*** Begin section ***

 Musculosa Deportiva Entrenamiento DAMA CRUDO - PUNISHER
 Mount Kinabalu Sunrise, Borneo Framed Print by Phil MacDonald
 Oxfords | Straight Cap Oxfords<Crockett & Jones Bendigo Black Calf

*** End section ***

_Exercise prompt_
All of the data, start to finish: please output it exactly.

_Result below_
 Musculosa Deportiva Entrenamiento DAMA CRUDO - PUNISHER
 Mount Kinabalu Sunrise, Borneo Framed Print by Phil MacDonald
 Oxfords | Straight Cap Oxfords<Crockett & Jones Bendigo Black Calf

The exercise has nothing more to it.